Ceci n'est pas un bugle

Le petit Ajuga sauvage est en fleurs dans le pré qui jouxte la forêt voisine. Il accompagne un groupe de Stellaires holostées que j’aime beaucoup.


C’est bon pour le moral, toutes ces fleurs qui frappent à notre huis avec un peu d’avance ! 

L'Ajuga... Bonne-Maman adorait l'Ajuga. On l'appelle bugle dans les jardineries ; c'est beaucoup moins heureux... bugle... ce nom vernaculaire ne sied pas à son ancienne noblesse - de bandit des bords de chemin.

Dans mon jardin, évidemment, point de bugle ! il n'y a que des ajugas d'un bleu charmant, bougies jolies, qui éclairent les jours gris d'une flamme folâtre !

J’adorais faire le petit tour du jardin avec Bonne-Maman le soir. J’aimais l’entendre parler de ma maman et de ses fleurs avec une égale tendresse. Elle me manque. Elle est là, dans chacune des fleurs de mon jardin, mais la bienveillance opaline de son regard me manque.

Quand je suis allé à Brest cet hiver, j’ai amené et planté un pied d’Aster 'Asran', à côté de l’if, là où rien ne pousse. Bientôt on pourra dire que rien n’y pousse... sauf l'intrépide Asran. J’ai également repiqué une verveine de Buenos Aeres derrière la maison, entre deux morceaux du ciment craquelé de la petite cour. Elle y fera des petits, qui feront des petits.

Avec ces deux invitées robustes et délicates, un petit bout du Morvan aura transité par le Hurepoix avant de venir s’installer à Brest ! Maman avait l'air contente et Papa aussi - du moins l'ai-je deviné. Ses sourcils fâchés comme les phares des voitures allemandes n'avaient pas l'air si sévères, et sa voix grave était enturbannée de velours.

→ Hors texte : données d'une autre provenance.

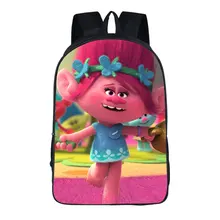 Nuevas Adquisiciones $ number pulgadas Trolls Mochilas Infantil Mochila de Dibujos Animados Niños Niños 6-13 Años Niños Mochilas escolares Para Las Niñas Bookbag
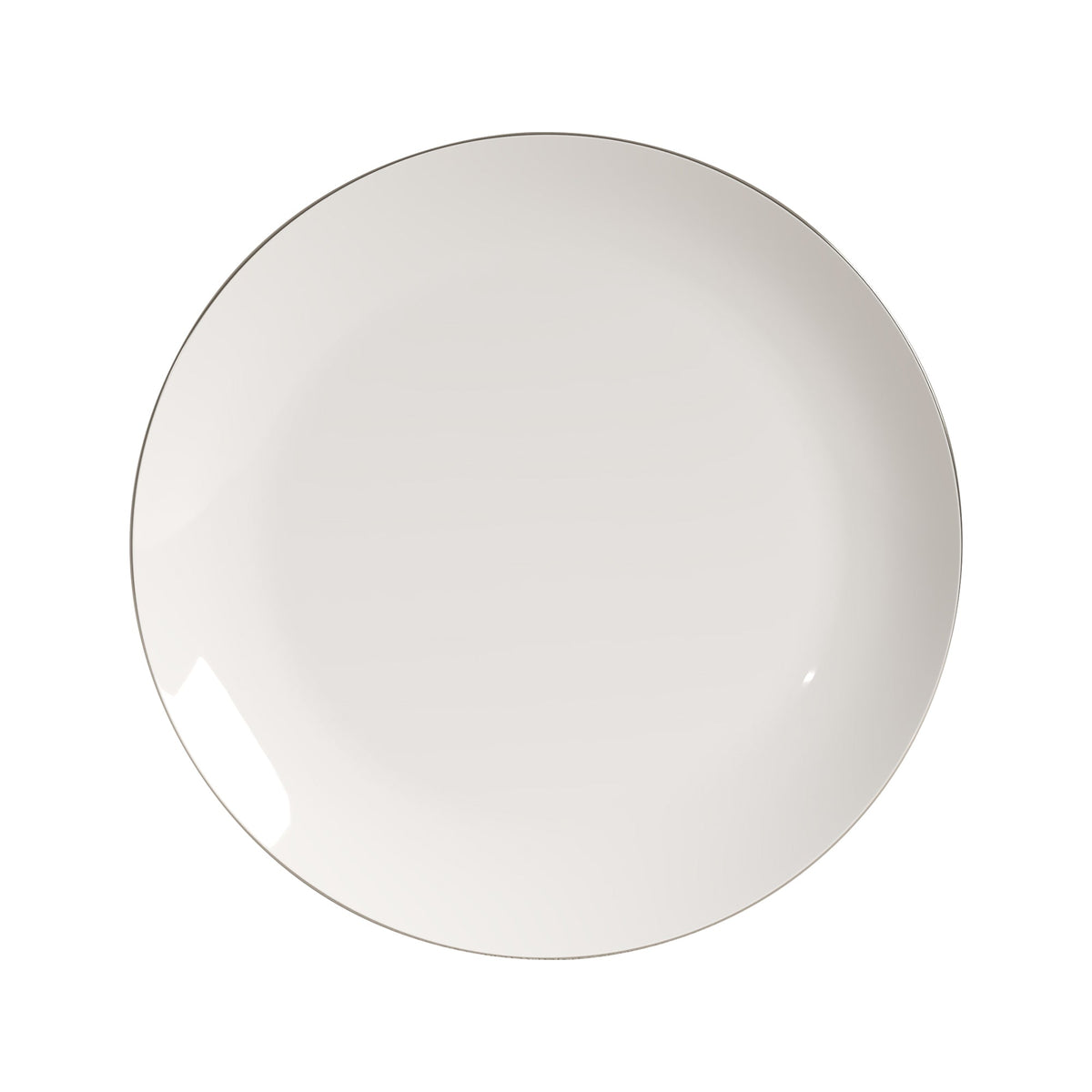 White Porcelain 12-Piece Dinnerware Set with Platinum Rim – view 9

Il aime les fleurs, même s’il laisse les autres les planter, les arroser, et jusque les cueillir pour lui. Il y avait toujours un bouquet dans un vase au coin de son bureau. Enfant, je trouvais là une raison de penser qu'on avait quelque chose en commun. 

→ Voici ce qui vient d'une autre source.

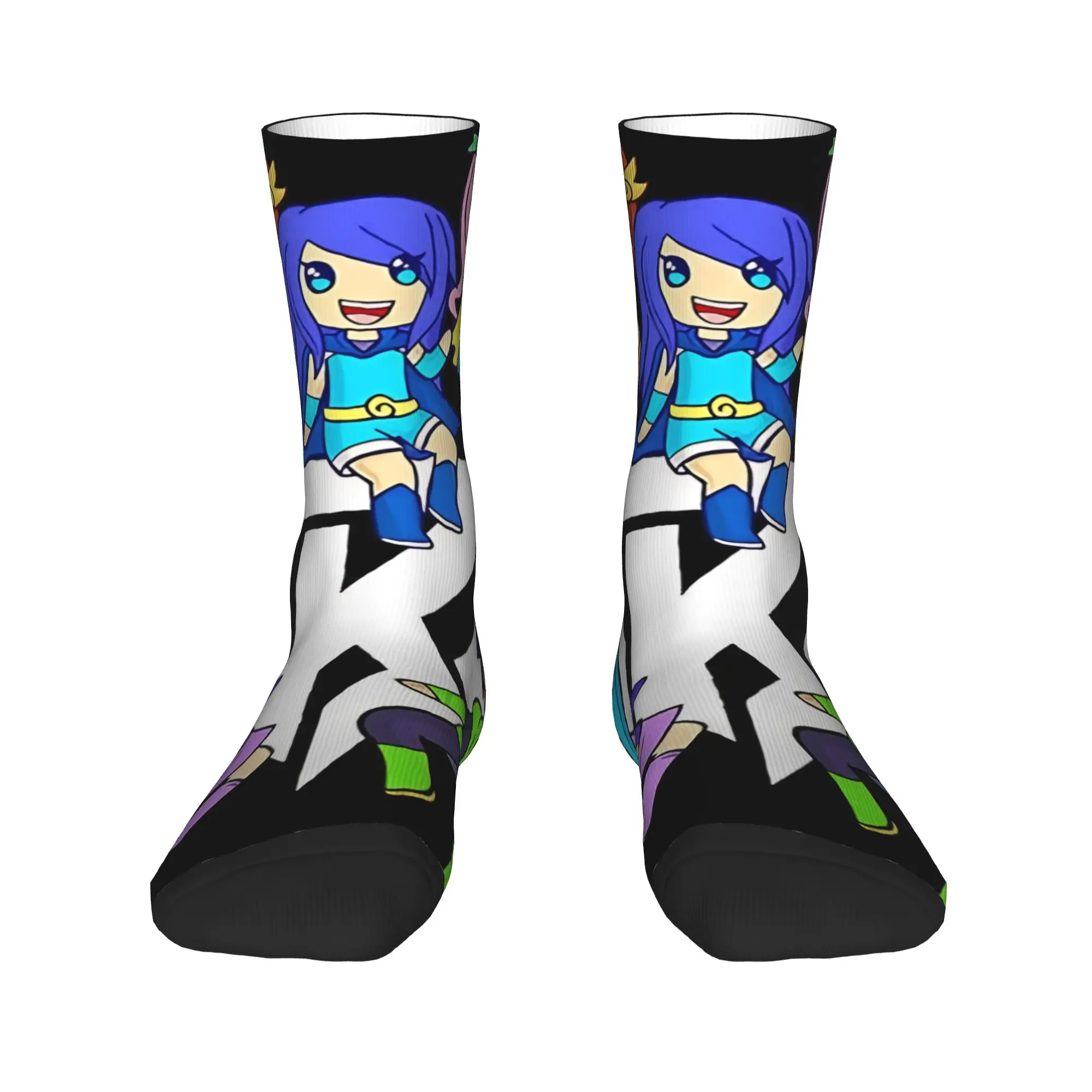 جوارب Gacha life Game بتصميم جوارب غير قابلة للانزلاق للرجال، جوارب رياضية للجري عصرية للخريف قابلة للتنفس #2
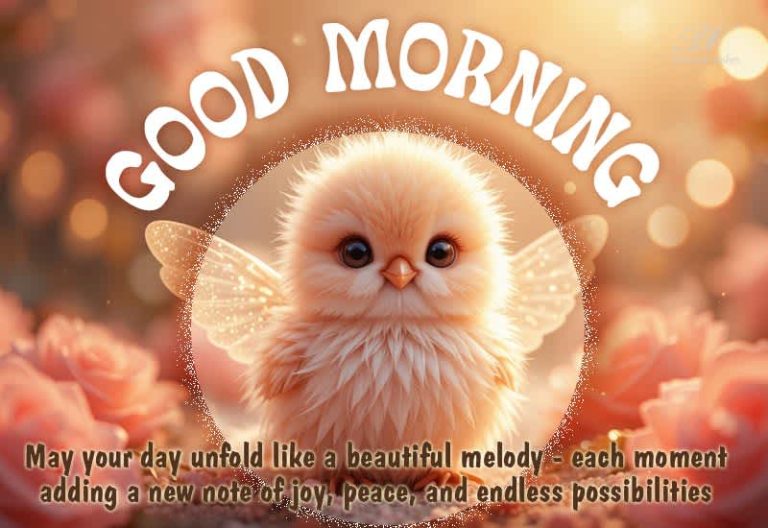 Good Morning – May your day unfold like a beautiful melody—each moment adding a new note of joy, peace, and endless possibilities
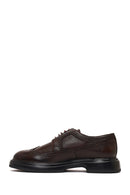 Men's Brown Lace-Up Thick Sole Leather Casual Shoes | Derimod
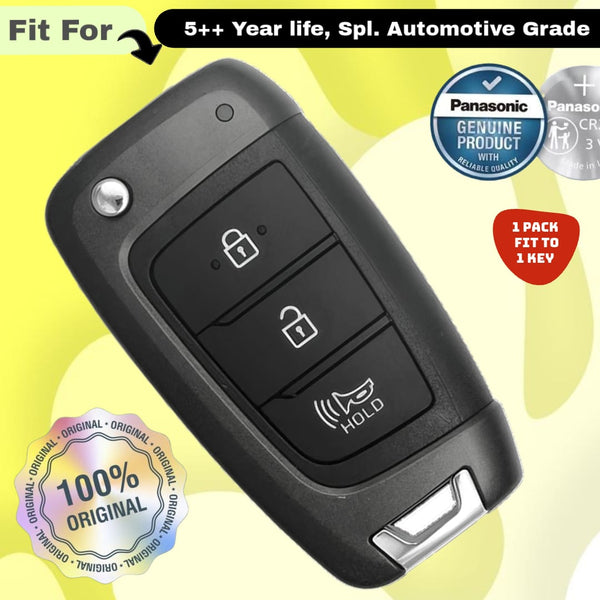 Hyundai 3 Button Flip Key Fob Replacement Battery - ( Pack of 1 )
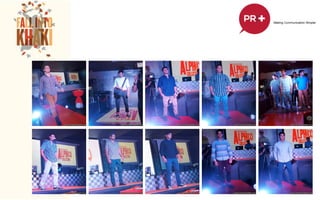 !
Starting the year Big! The launching of the Spring/
Summer 2012 Collection was conceptualized and
executed by PR+. To best showcase the new
collection, the Agency have encapsulated the new
things other than the new collection of the iconic
brand – new seasonal message, the Search for the
Dockers Men of Action, the introduction of Bear
Grylls as the new face of Dockers and the Man of
Action Car Rafﬂe Promo.!
!
The launch was held at the North Court Activity
Center of Power Plant Mall in Rockwell.!
!
!
!
 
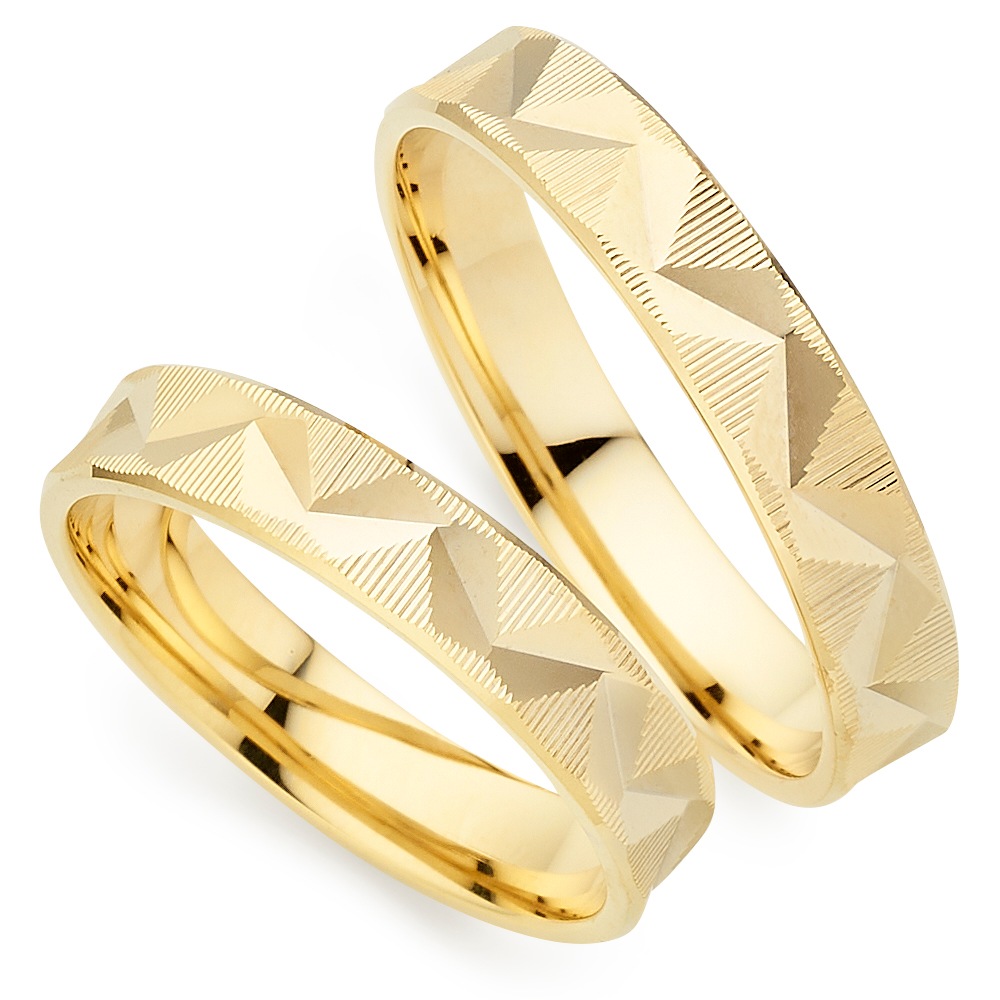 PHÖNIX Damen Trauring "Schmuck Partnerring Ehering Verlobungsring Freundschaftsring", 66, Silber 925 (Sterlingsilber), 4mmgelbgoldfarben, Silber 925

Quand il est venu nous visiter, l'année dernière, j’ai planté un hibiscus à fleurs bleues avec lui. Enfin, avec lui... à côté de lui. Il est resté assis à quelques mètres de moi ; il semblait un spectateur inquiet à l'idée que le magicien lui demande de le rejoindre sur la scène. 

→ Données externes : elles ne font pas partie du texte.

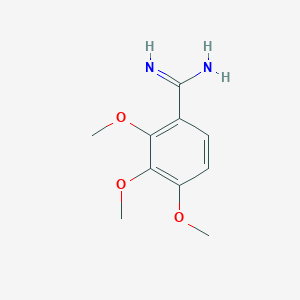 molecular formula C10H14N2O3 B1608313 2,3,4-Trimethoxy-benzamidine CAS No. 885954-26-7
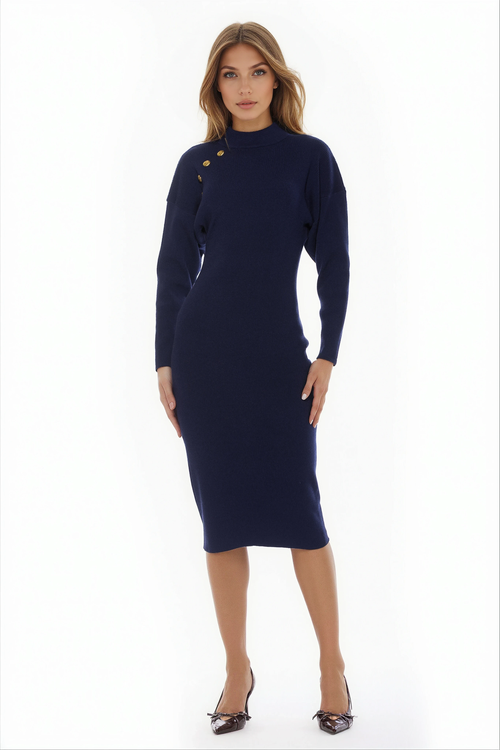 Alexia Admor Indigo Dress In Blue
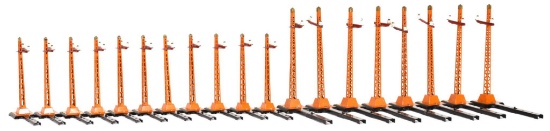 19-Lionel 60 Standard & O Gauge Telegraph Posts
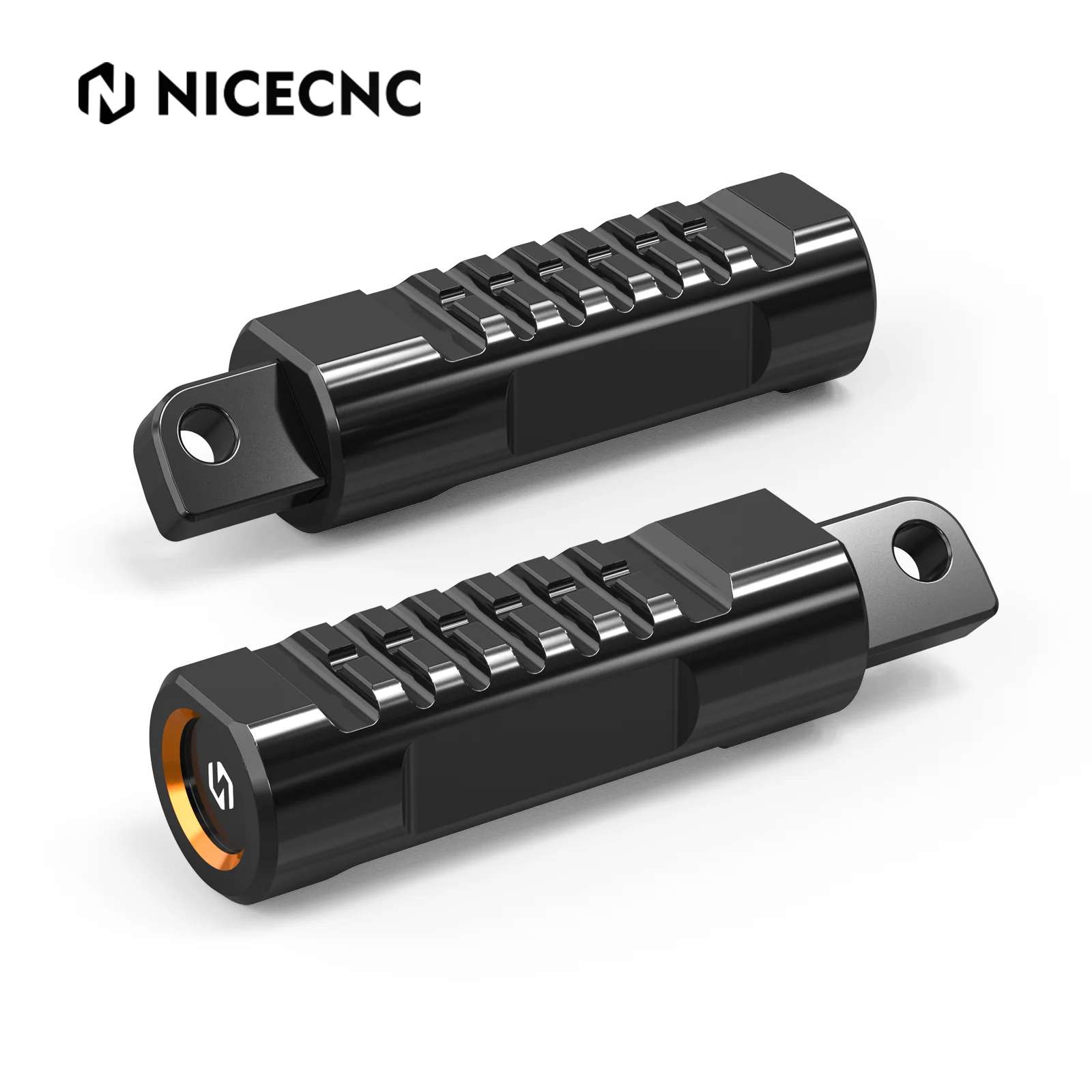 Front Rider Foot Pegs Footrests Set For Harley Sportster 1200 Iron 883 XL Roadster - Image 5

Il n'a pas plongé ses mains dans la terre comme j'aime tant le faire. Pourtant il me demande toujours de ses nouvelles, alors je pense qu’il a aimé se salir les mains par procuration. 

Moi qui ne suis pas magicien, j'ai aimé sentir son regard veiller sur mes gestes.

C'est étrange. Finalement, on peut devenir pleinement père plus de trente ans après la naissance de son enfant. Je ne l'aurais jamais cru ; je me trompais. Chaque jour semble le rendre meilleur et chaque jour j'apprends à l'aimer un peu plus. La vie m'offre là un bonbon dulcifié au sucre de la surprise.

On peut donc également devenir un fils, à trente ans passés. C'est une belle découverte. Décidément, j'aime me tromper si souvent !

Ciel ! ma terre !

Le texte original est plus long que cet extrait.